Downloading data from http://storage.googleapis.com/download.tensorflow.org/data/spa-eng.zip


# **Scanning Through the Data**



*   The data has Eng and Spansh Sentences.
*   English is the source sequence and Spanish is the target sequence. Thus a "start" and "end" tokens are created with this in mind



In [3]:
with open(text_file) as f:
    lines = f.read().split("\n")[:-1]
text_pairs = []
for line in lines:
    eng, spa = line.split("\t")
    spa = "[start] " + spa + " [end]"
    text_pairs.append((eng, spa))

**Output to this pair is below:**

In [4]:
for _ in range(5):
    print(random.choice(text_pairs))

("Hurry up. You'll be late for school.", '[start] Apúrate. Vas a llegar tarde a la escuela. [end]')
("A fox isn't caught twice in the same snare.", '[start] Un zorro nunca es capturado dos veces con el mismo cepo. [end]')
('Give him this message as soon as he arrives.', '[start] Dale este recado apenas él llegue. [end]')
('You have to memorize this sentence.', '[start] Te debes memorizar esta frase. [end]')
('Go wake up Tom and tell him that breakfast is ready.', '[start] Andá a despertar a Tom y decile que el desayuno está listo. [end]')


# **Data Prep**



*   Splitting the dataset into training, valodation and test set.




In [5]:
random.shuffle(text_pairs)
num_val_samples = int(0.15 * len(text_pairs))
num_train_samples = len(text_pairs) - 2 * num_val_samples
train_pairs = text_pairs[:num_train_samples]
val_pairs = text_pairs[num_train_samples : num_train_samples + num_val_samples]
test_pairs = text_pairs[num_train_samples + num_val_samples :]
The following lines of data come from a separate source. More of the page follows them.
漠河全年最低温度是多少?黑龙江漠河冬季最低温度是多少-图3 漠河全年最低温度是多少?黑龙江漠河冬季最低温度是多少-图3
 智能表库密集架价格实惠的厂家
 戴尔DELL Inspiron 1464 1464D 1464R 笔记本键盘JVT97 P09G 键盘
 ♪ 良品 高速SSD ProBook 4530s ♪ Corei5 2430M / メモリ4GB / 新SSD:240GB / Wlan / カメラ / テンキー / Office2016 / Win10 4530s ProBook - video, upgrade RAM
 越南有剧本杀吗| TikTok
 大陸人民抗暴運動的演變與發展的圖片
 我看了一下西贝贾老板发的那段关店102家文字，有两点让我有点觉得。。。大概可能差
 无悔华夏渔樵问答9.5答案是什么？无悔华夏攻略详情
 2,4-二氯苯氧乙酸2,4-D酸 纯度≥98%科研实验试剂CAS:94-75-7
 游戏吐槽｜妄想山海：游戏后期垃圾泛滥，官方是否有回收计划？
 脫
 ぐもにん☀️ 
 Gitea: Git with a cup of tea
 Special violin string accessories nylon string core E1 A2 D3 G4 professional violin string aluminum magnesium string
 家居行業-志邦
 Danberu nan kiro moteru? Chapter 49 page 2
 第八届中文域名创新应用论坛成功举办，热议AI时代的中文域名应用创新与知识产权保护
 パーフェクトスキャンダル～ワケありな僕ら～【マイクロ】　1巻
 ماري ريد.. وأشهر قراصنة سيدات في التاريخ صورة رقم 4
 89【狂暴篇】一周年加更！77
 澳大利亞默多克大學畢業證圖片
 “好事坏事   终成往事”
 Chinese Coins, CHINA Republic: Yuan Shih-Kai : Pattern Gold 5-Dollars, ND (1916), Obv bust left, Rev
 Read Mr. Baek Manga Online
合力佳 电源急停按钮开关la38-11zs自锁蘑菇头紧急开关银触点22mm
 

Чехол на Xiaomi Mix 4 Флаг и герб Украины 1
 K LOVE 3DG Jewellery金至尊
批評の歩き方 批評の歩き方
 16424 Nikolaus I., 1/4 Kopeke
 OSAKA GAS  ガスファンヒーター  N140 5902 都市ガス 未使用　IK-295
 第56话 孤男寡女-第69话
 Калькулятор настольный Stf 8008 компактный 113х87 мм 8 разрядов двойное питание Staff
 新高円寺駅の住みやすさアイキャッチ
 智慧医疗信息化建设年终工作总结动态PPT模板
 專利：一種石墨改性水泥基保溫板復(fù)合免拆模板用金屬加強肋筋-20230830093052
print(f"{len(text_pairs)} total pairs")
print(f"{len(train_pairs)} training pairs")
print(f"{len(val_pairs)} validation pairs")
print(f"{len(test_pairs)} test pairs")

118964 total pairs
83276 training pairs
17844 validation pairs
17844 test pairs


# **Vectorization of the Data**



*   That is, turning the original strings into integer sequences.
*   Each integer will represent an index of a word within the vocabulary
*   NB: punctuation marks were removed...good idea? Do not think so.


In [6]:
strip_chars = string.punctuation + "¿"
strip_chars = strip_chars.replace("[", "")
strip_chars = strip_chars.replace("]", "")

vocab_size = 15000
sequence_length = 20
batch_size = 64


def custom_standardization(input_string):
    lowercase = tf.strings.lower(input_string)
    return tf.strings.regex_replace(lowercase, "[%s]" % re.escape(strip_chars), "")


eng_vectorization = TextVectorization(
    max_tokens=vocab_size, output_mode="int", output_sequence_length=sequence_length,
)
spa_vectorization = TextVectorization(
    max_tokens=vocab_size,
    output_mode="int",
    output_sequence_length=sequence_length + 1,
    standardize=custom_standardization,
)
train_eng_texts = [pair[0] for pair in train_pairs]
train_spa_texts = [pair[1] for pair in train_pairs]
eng_vectorization.adapt(train_eng_texts)
spa_vectorization.adapt(train_spa_texts)